Simultaneous Release

I've been waiting to use that line from the Red Hot Chili Peppers' Dani California.

So we just filed for two union elections. To most of you, this is nothing but inside baseball, and it won't make any sense. To say that we filed for one election on March 9 and a second on March 16 is like saying, "I have to do some garbly goop -- it's time consuming and stressful!"

Let me help with an analogy that may be more familiar.

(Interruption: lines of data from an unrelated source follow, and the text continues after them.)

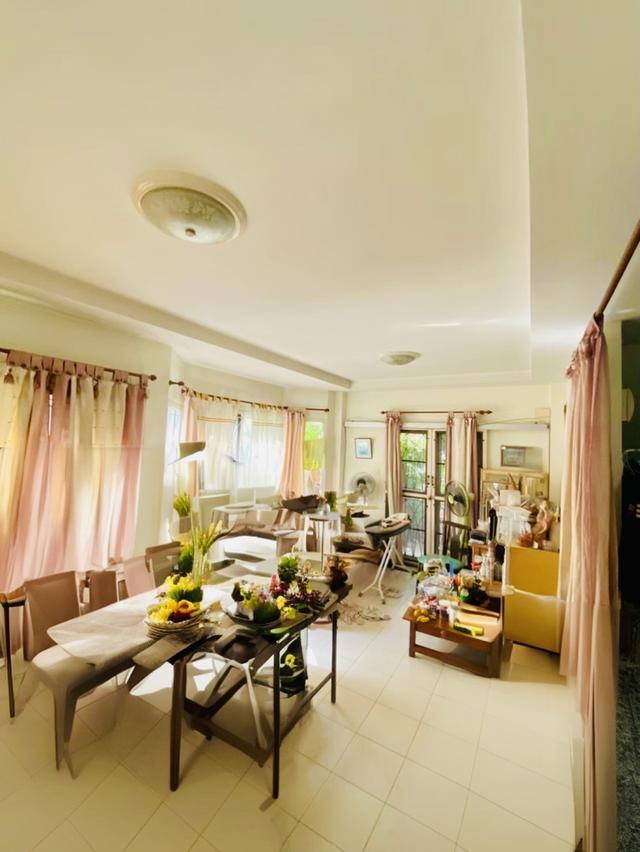 บ้านเดี่ยวหมู่บ้านศิริวรรณชวนชม 8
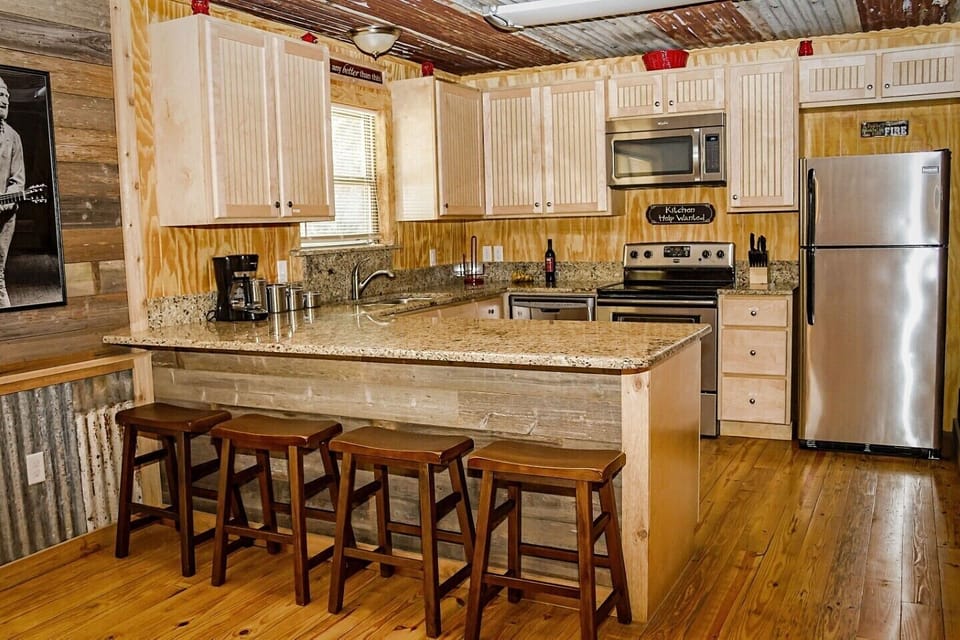 Kitchen - Open concept, stainless appliances, granite counters, custom cabinets.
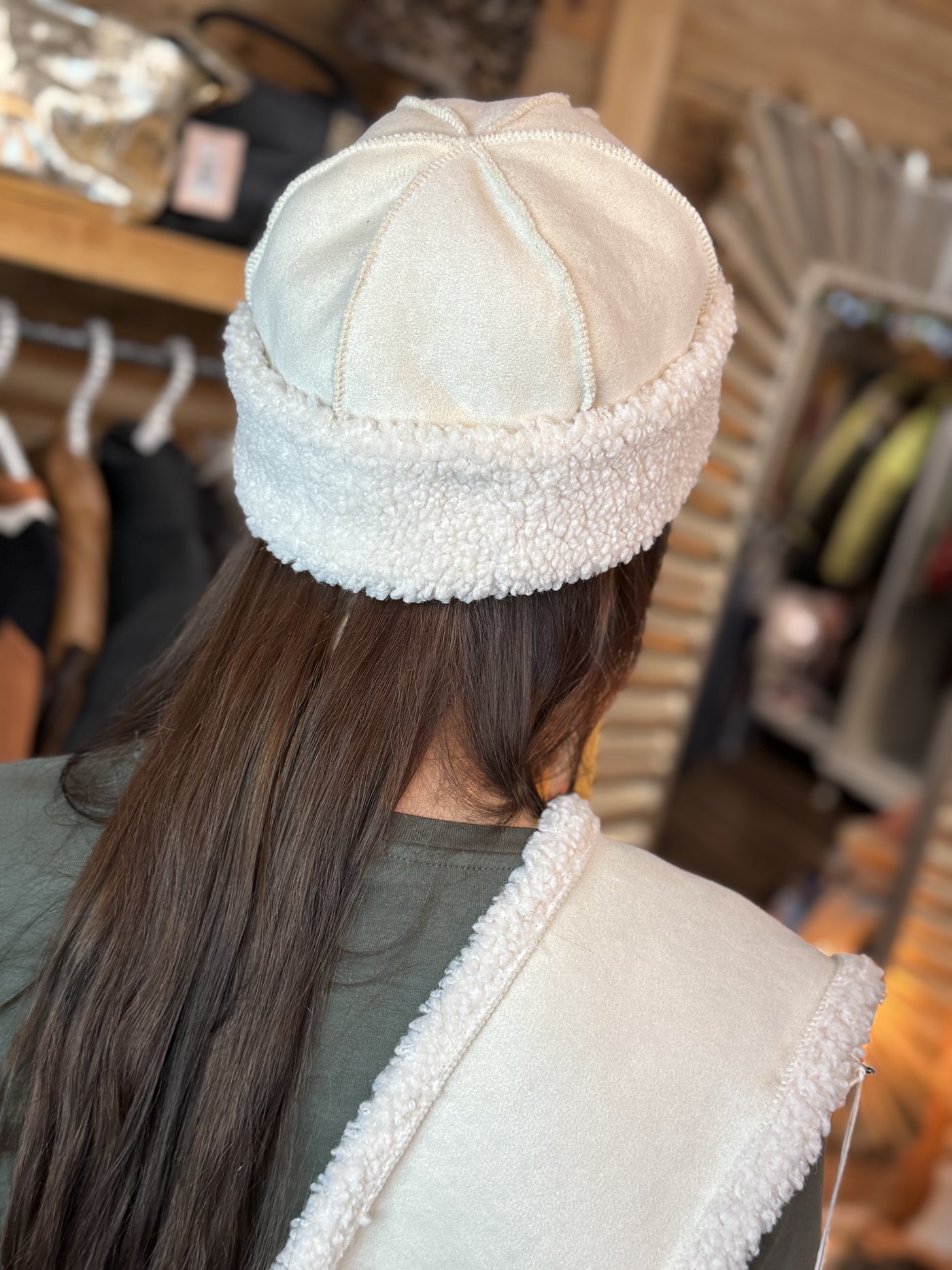 Gorro piel vuelta blanco borreguito Poesia d´Élite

Many of you have children, and wanted them, and like them a lot. They're cute and cuddly and they may support you in your old age (not that you'll need it, between CR and radical anti-aging biomedicine, but at least they'll buy you nice presents) But they are a lot of work, stress, heartache, and they can turn out very badly, sometimes through no fault of your own. When you contemplate having a child, you look forward to it with eager anticipation, and you may spend years trying to get pregnant, but you know that bringing up that child is going to be a huge, soul-consuming, life-destroying effort. (note to all you parents who are getting touchy about that phrasing: I mean that for a time, you give up a lot of your identity and put another's needs ahead of yours in order to take care of someone who needs you! Rewarding, but difficult!)

Then you find out you are carrying quadruplets.

That's what filing for two elections at the same time is like.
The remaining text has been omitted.